A Tribute to the Dick Smith System 80
(aka Video Genie and PMC-80/81)

A Review of the Colour Genie - by Simon Goodwin

his review appeared in "Computing Today", (date unknown)


The Colour Genie is the second computer from Hong Kong box-makers EACA. It follows the Video Genie, a computer which closely resembled the TRS-80 (to the extent that the memory-maps and ROMs were almost identical).

The Video Genie (later modified and renamed 'GENIE I' and 'GENIE II') has sold quite well in the UK through the importers Lowe Electronics, an amateur-radio firm turned computer-shack. Since that machine was introduced it has been undercut and outperformed by a wide variety of cheaper computers. The BBC Micro, Sinclair Spectrum, Dragon 32 and other machines have arrived on the UK computer scene and the market for personal computers has shifted from the hobbyist to the home market. EACA have responded to that challenge by producing a new, cheaper machine aimed fair and square at the market-slot occupied by the VIC, Dragon, Atari and BBC computers.


The Colour Genie is supplied with a demonstration cassette of programs and leads to connect it to a UK colour or black-and-white TV set, an standard cassette-recorder (motor-control is not provided) and the 240V mains. The computer contains 16K of ROM BASIC and 16K RAM memory, with connections ready for optional joysticks, parallel or serial printers and a Hi-Fi amplifier. It contains a modern graphics chip and a sound-generator similar to the one used in the BBC Micro (need I say more!). A 'bus' connector will eventually allow the computer to control disks, although the appropriate controller is not yet on the market. The original Video Genie Expander is not compatible with the Colour machine.

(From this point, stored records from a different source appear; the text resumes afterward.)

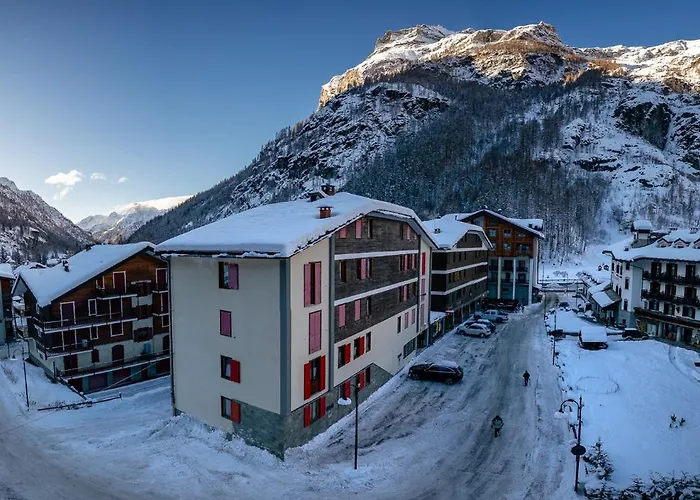 Valverde 3* 格雷索拉特里尼泰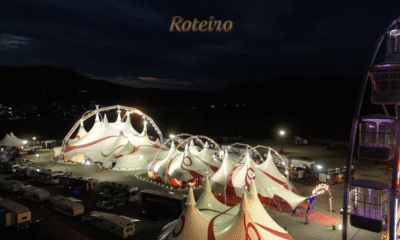 Vista noturna da megaestrutura iluminada do Mirage Circus montada em São José dos Campos, destacando a lona climatizada e as luzes cênicas em frente ao Aquarius Open Mall.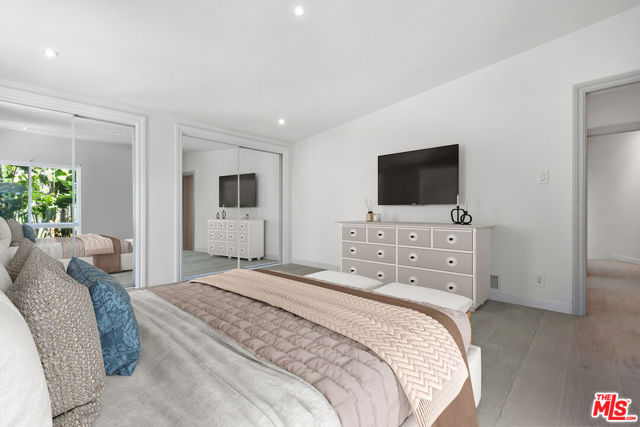 14892 Jadestone Drive, Sherman Oaks CA: https://media.crmls.org/mediaz/3cfc89b1-f94f-49da-a228-9754c6bc391e.jpg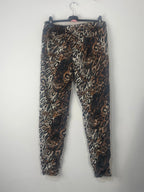 pantalon léopard en suédine, vue arrière, coupe fuselée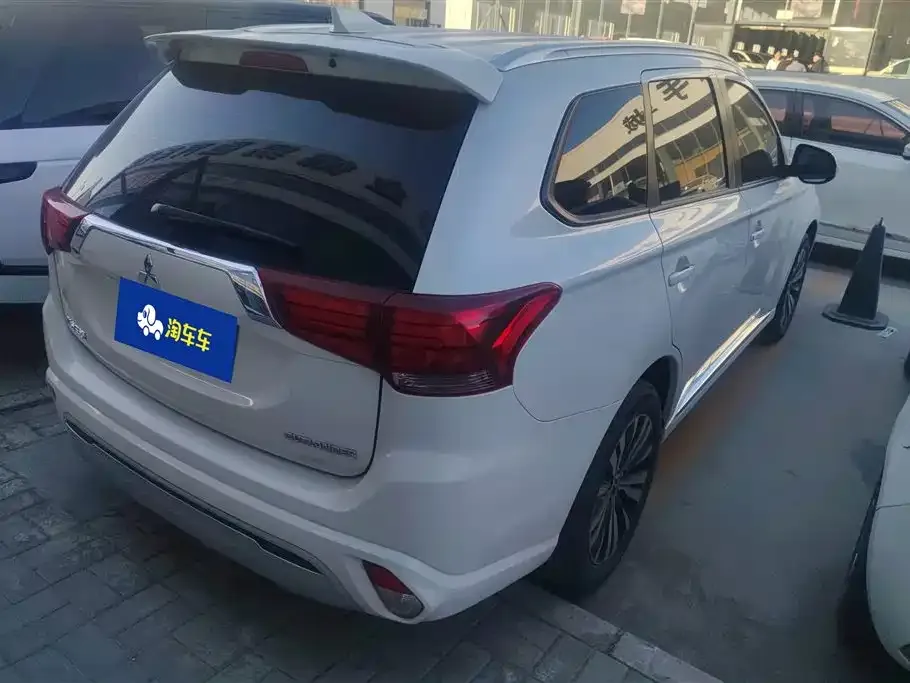Mitsubishi Outlander 2023 из CN, фото 3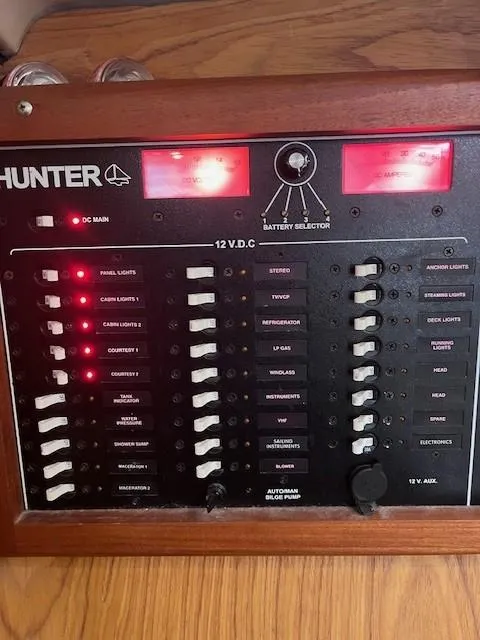 Slide: The Image of Hunter 410 2001 - 52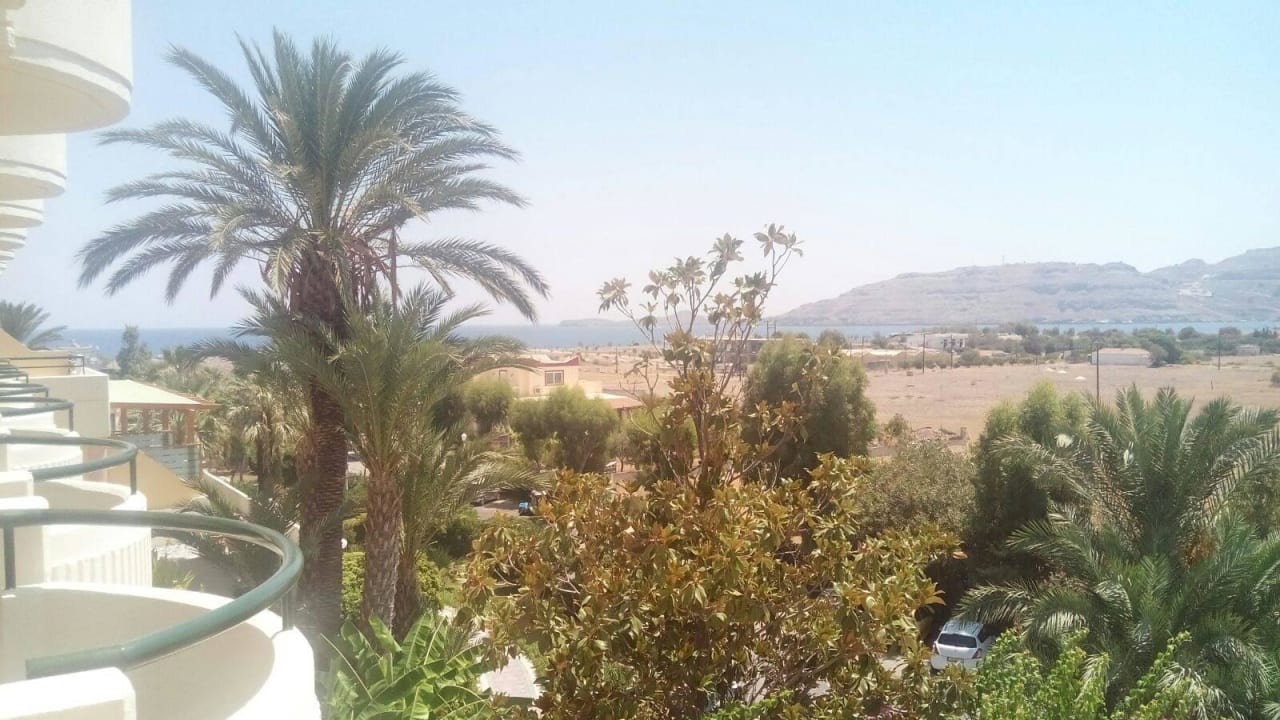 Seitlicher Meerblick vom Zi. 337 Atrium Palace Thalasso Spa Resort & Villas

The Colour Genie is similar in appearance to the Commodore VIC computers, although slightly larger in each dimension. This resemblance is heightened by the presence of four user-programmable keys on the right hand side of the keyboard, and the preset graphics legends on the front faces of some keys. It is possible to program the user-keys to generate any sequence of up to ten characters, with an optional automatic RETURN at the end of the sequence. Graphics are obtained by pressing the 'Mode Select' key and then the appropriate sequence of letters.

Unlike its competitor the Dragon, lower-case (small) letters can be entered from the Genie keyboard. A ratchet-action Shift-lock button is provided to select capitals only, but this unfortunately acts upon the numeric keys as well, meaning that the user must release 'Shift lock' while typing in numbers. A repeat key generates the last key pressed over and over again when it is selected - useful when editing or filling graphics strings - and the clear key can be used to blank the screen and move the cursor to the top left-hand corner of the display.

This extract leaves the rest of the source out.